_What you are asked to do_
Transcribe the records below from the first line to the line that includes "Usually once you", inclusive, and omit the pictures.

_Records_
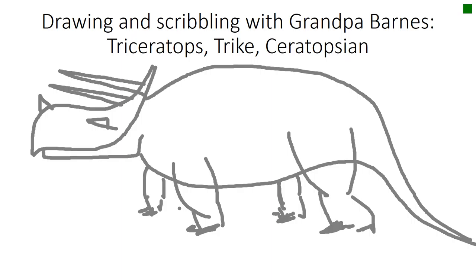This is not a bad trike. I approve of this Triceratops. Remember, read your Bible and if you can't read, ask somebody to read it for you.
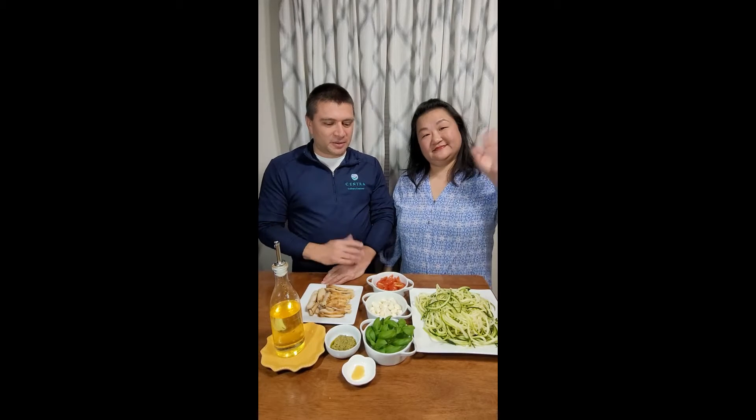Hello, I'm Lynchburg General's Executive Chef John Smith and this is my wife Annie, and we're going to provide you with another recipe. Today we're going to be doing a caprese chicken on pesto zoodles.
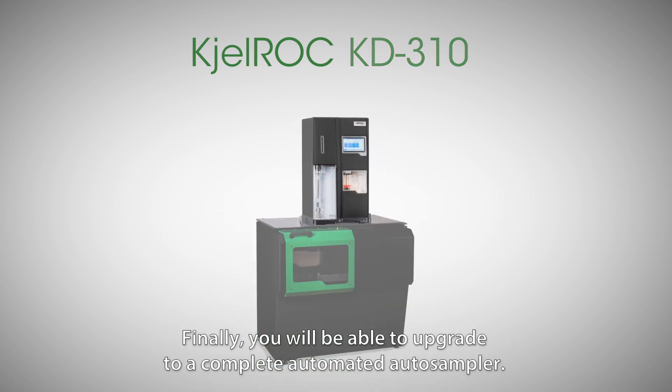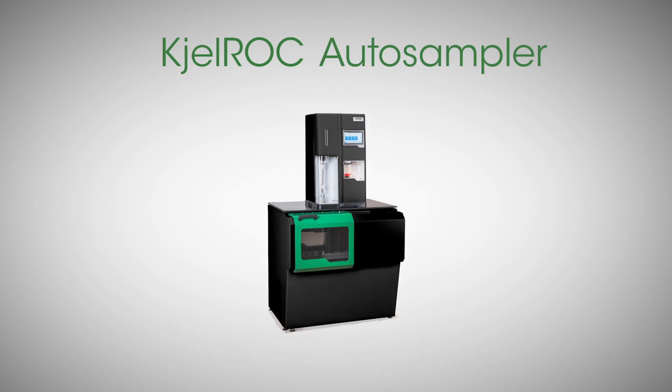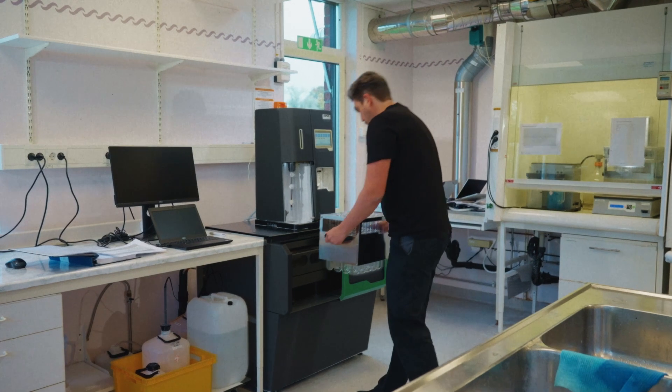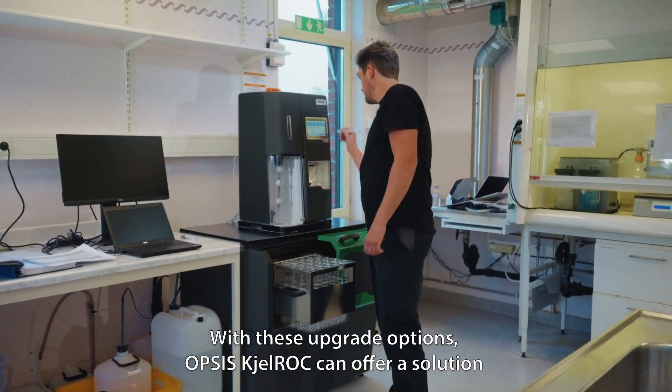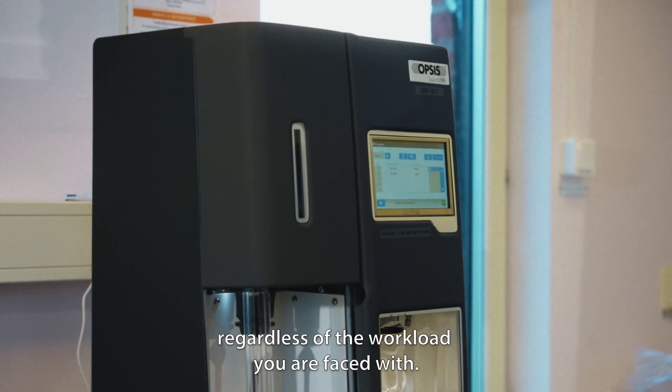Finally, you will be able to upgrade to a complete automated Auto Sampler. This upgrade path makes it possible to scale to match your laboratory's workload. With these upgrade options, Opsys Shellrock can offer a solution regardless of the workload you are faced with.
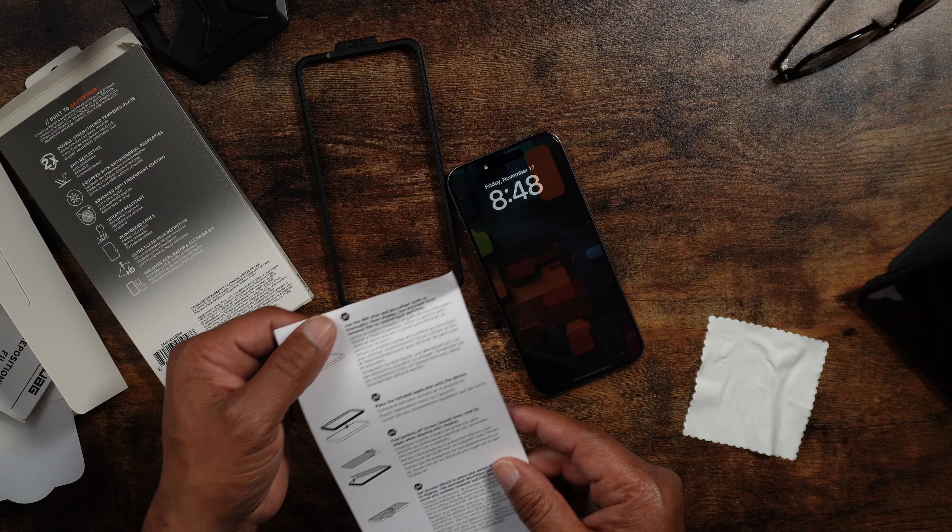Usually once you do an installation like this, you need to wait a good 24 hours to see how it works out. Perfect installation. It does cover the sensor and the camera — the screen protector is not a cutout for the Dynamic Island.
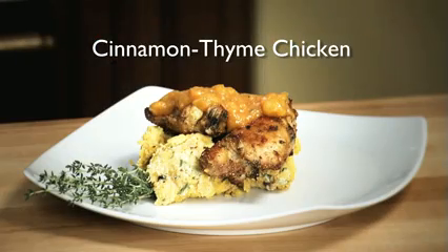Hey, I'm Chef Keith Snow. Welcome to my kitchen. So it's the middle of the summer and you're tired of grilling chicken the same way you do it every single time. I want to show you a simple technique: making a spice paste. Very simple to do, and you can get creative with the ingredients. Today we're going to do a cinnamon thyme spice paste and then rub some chicken thighs and grill them. So let's get into making the paste.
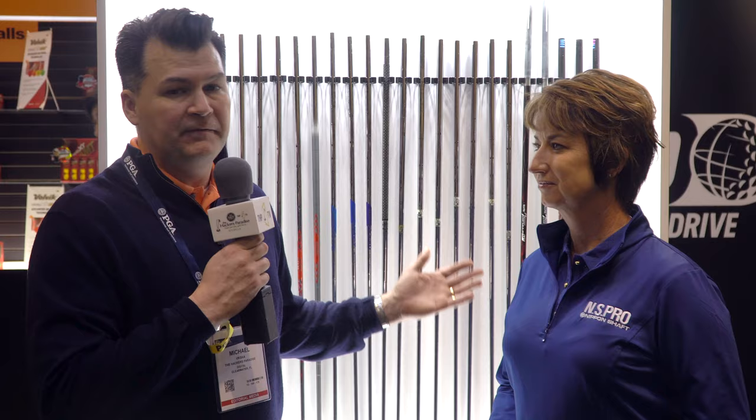Great stuff, Kari, and she's absolutely right — you can see it on tour, things are getting lighter and lighter, and Nippon was a leader even 15 to 20 years ago in this and continues to lead in many respects today. Thanks, Kari! Cheers, thank you.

_Written answer_
This is not a bad trike. I approve of this Triceratops. Remember, read your Bible and if you can't read, ask somebody to read it for you.
Hello, I'm Lynchburg General's Executive Chef John Smith and this is my wife Annie, and we're going to provide you with another recipe. Today we're going to be doing a caprese chicken on pesto zoodles.
Finally, you will be able to upgrade to a complete automated Auto Sampler. This upgrade path makes it possible to scale to match your laboratory's workload. With these upgrade options, Opsys Shellrock can offer a solution regardless of the workload you are faced with.
Usually once you do an installation like this, you need to wait a good 24 hours to see how it works out. Perfect installation. It does cover the sensor and the camera — the screen protector is not a cutout for the Dynamic Island.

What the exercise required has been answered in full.